Troisièmement, il est de plus en plus reconnu qu’Israël met en œuvre des politiques et des pratiques d’apartheid discriminatoires à l’encontre des Palestiniens des deux côtés de la Ligne verte[41]. Notamment, Israël confère des droits aux Juifs israéliens et pratique une discrimination systématique à l’encontre des Palestiniens. La loi sur l’acquisition des terres (5713-1953), par exemple, facilite l’aliénation des terres palestiniennes confisquées au profit de diverses institutions de l’État israélien, y compris l’Autorité de développement. Des organisations paraétatiques, telles que l’Agence juive et l’Organisation sioniste mondiale, sont chargées d’exercer une discrimination matérielle, notamment par l’attribution de terres palestiniennes confisquées à des Juifs israéliens[42]. Dans le même temps, les Juifs israéliens peuvent revendiquer la propriété de biens résidentiels palestiniens dans la Jérusalem-Est occupée en vertu de la loi sur les questions juridiques et administratives (1970)[43]. Les gouvernements successifs ont cherché à créer une majorité démographique juive et à réduire et à éliminer les Palestiniens. En vertu de la loi du retour adoptée par Israël (1950), « tout Juif a le droit de venir dans ce pays en qualité d’Oleh » et la citoyenneté israélienne est « accordée à tout Juif qui a exprimé son désir de s’installer en Israël »[44]. Dans le même temps, quelque sept millions de réfugiés palestiniens se voient refuser leur droit au retour, dont 450 000 Palestiniens déplacés en tant que réfugiés pendant la Naksa découlant de la Guerre de Six Jours de 1967[45]. Ces pratiques indiquent, entre autres, qu’Israël administre le Territoire palestinien occupé sous un régime de discrimination raciale systématique et d’apartheid.

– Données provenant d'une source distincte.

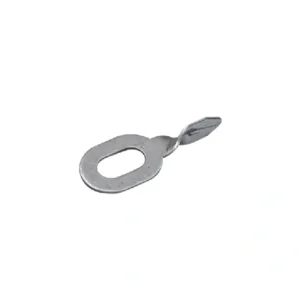 Telwin Kit 50 Twisted Hook Washer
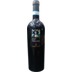 Premium Coda di Volpe Sannio DOC - Cantina Tizzano 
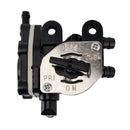 Benzinhahn passend für Kawasaki ER500 ER-5 ER5 1997-2005 51023-1369 51023-0736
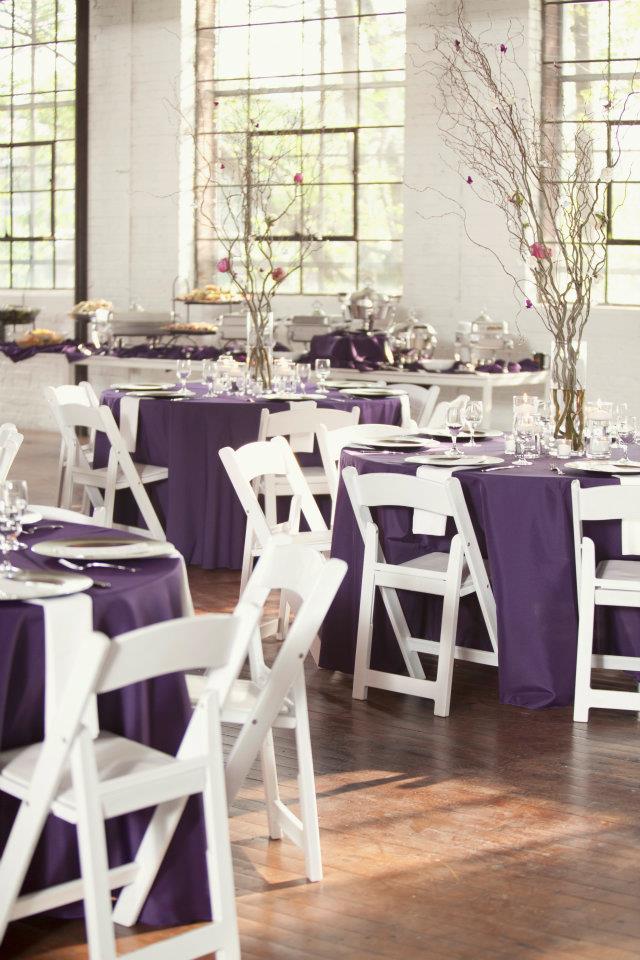 venue photo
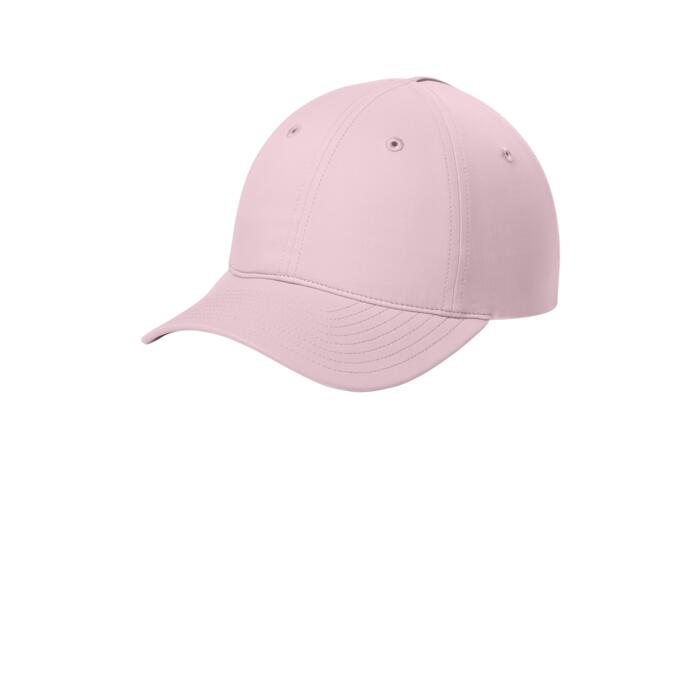 All Day Performance UPF Ponytail Cap Thumbnail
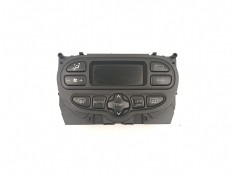 Recambio de mandos calefaccion aire para peugeot 307 (3a/c) 2.0 hdi 110 referencia OEM IAM 96430991XT 216697294  2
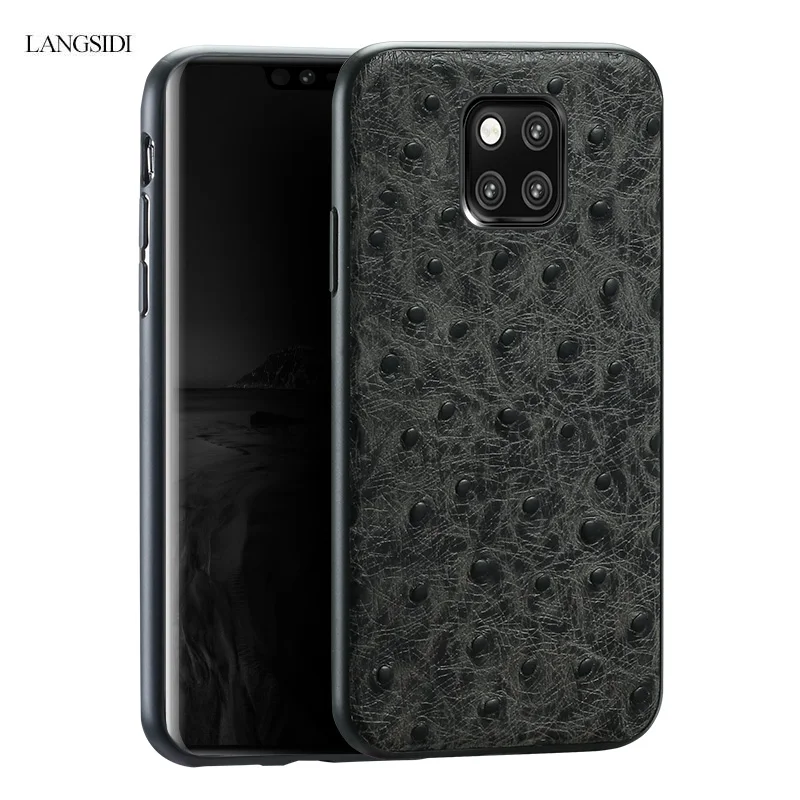 For Huawei mate 20 lite Case Shell Luxury Genuine Leather cover Etui For Huawei Mate 20 Pro Cases Cover for P20 P30 lite case
For Huawei mate 20 lite Case Shell Luxury Genuine Leather cover Etui For Huawei Mate 20 Pro Cases Cover for P20 P30 lite case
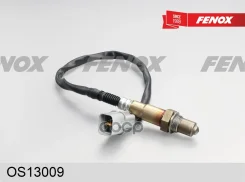 ������-���� Hyundai Solaris II 17-, KIA Rio IV 17- 1.4i Fenox ���. OS13009 OS13009 ����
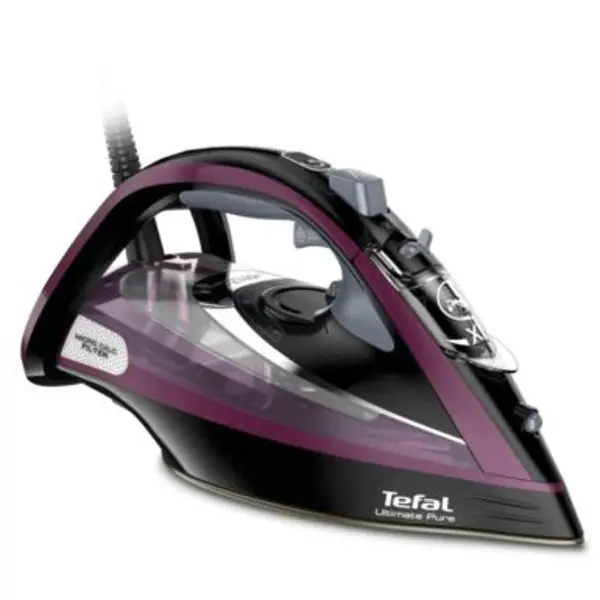 اتوبخار تفال 3200 وات مدل FV9846 - 3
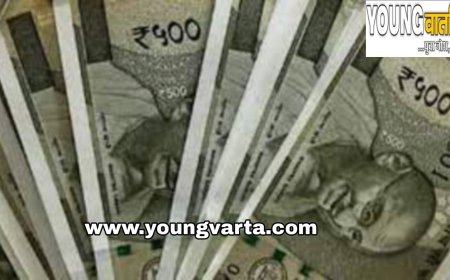 आपदा से हुए नुकसान की भरपाई के लिए केंद्र ने हिमाचल को 107.15 करोड़ की राशि की जारी 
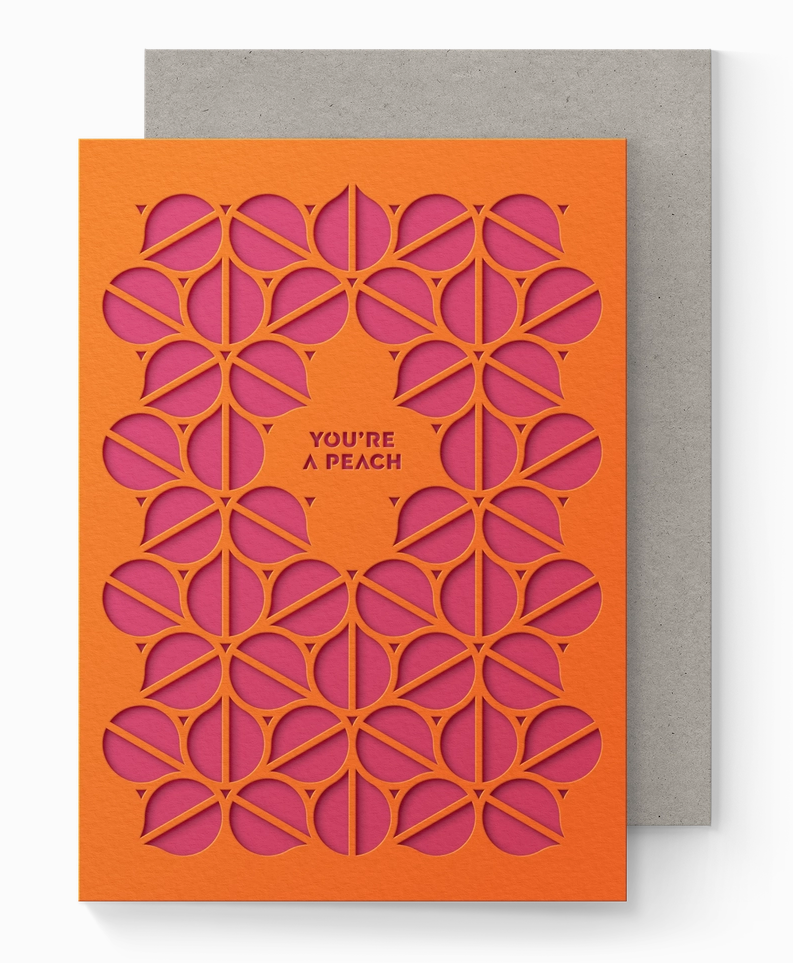 Screenshot 2026-01-21 170335.png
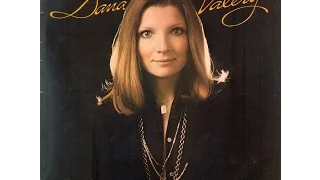 Dana Valery - I'd love you to want me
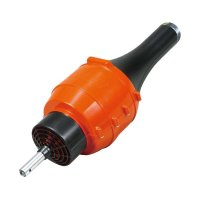 ACCESORIO SOPLADOR ECHO PAS-266LA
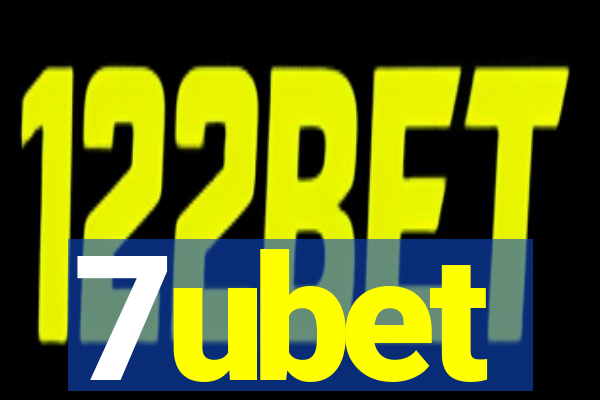 7ubet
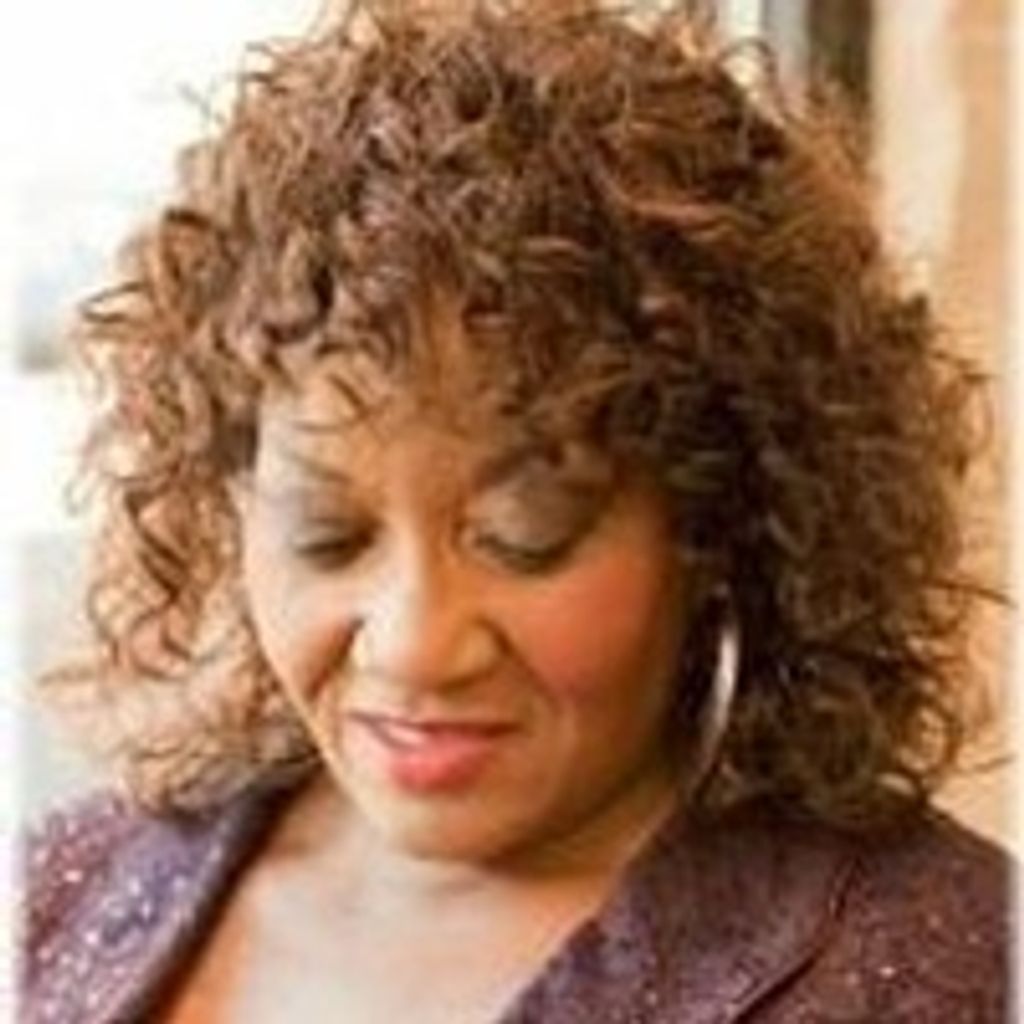 Doris Williams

La section conclut que la violation de l’interdiction de l’annexion, le refus de l’exercice du droit à l’autodétermination et l’application d’un régime d’apartheid en Palestine occupée par Israël sont autant d’indices d’une administration illégale de mauvaise foi du territoire occupé, en violation des principes d’immédiateté, de nécessité et de proportionnalité de la légitime défense. L’étude examine ensuite les effets d’une occupation de mauvaise foi sur l’exercice du droit externe à l’autodétermination des peuples. En raison du statut d’ancien territoire sous mandat de la Palestine, lequel fait l’objet d’une « mission sacrée » envers le peuple palestinien, la communauté internationale reste tenue par une obligation internationale « de ne reconnaître aucune modification unilatérale du statut de ce territoire »[46]. L’idée selon laquelle les territoires occupés ou les anciens territoires sous mandat reviendraient à un statut colonial a été écartée de manière définitive dans l’avis consultatif sur le Sud-Ouest africain, dans lequel la Cour internationale de Justice a expliqué qu’« [a]ccepter la thèse du Gouvernement sud-africain sur ce point aurait abouti au retour des territoires sous mandat au statut colonial et au remplacement virtuel du système des mandats par l’annexion, solution qui avait été résolument écartée en 1920 »[47]. Il est important de noter que la situation en Palestine a été reconnue comme une « question de droit à l’autodétermination des peuples sous domination coloniale ou étrangère » qui n’a pas encore été tranchée[48]. En tant que telle, l’occupation de mauvaise foi du territoire palestinien par Israël, qui le traite comme un « territoire contesté » sans souveraineté, et qui enchaîne les annexions de jure et de facto, les manipulations démographiques et les entreprises de colonisation, entre autres, viole le droit permanent à l’autodétermination et à la souveraineté du peuple palestinien en tant que territoire sous mandat.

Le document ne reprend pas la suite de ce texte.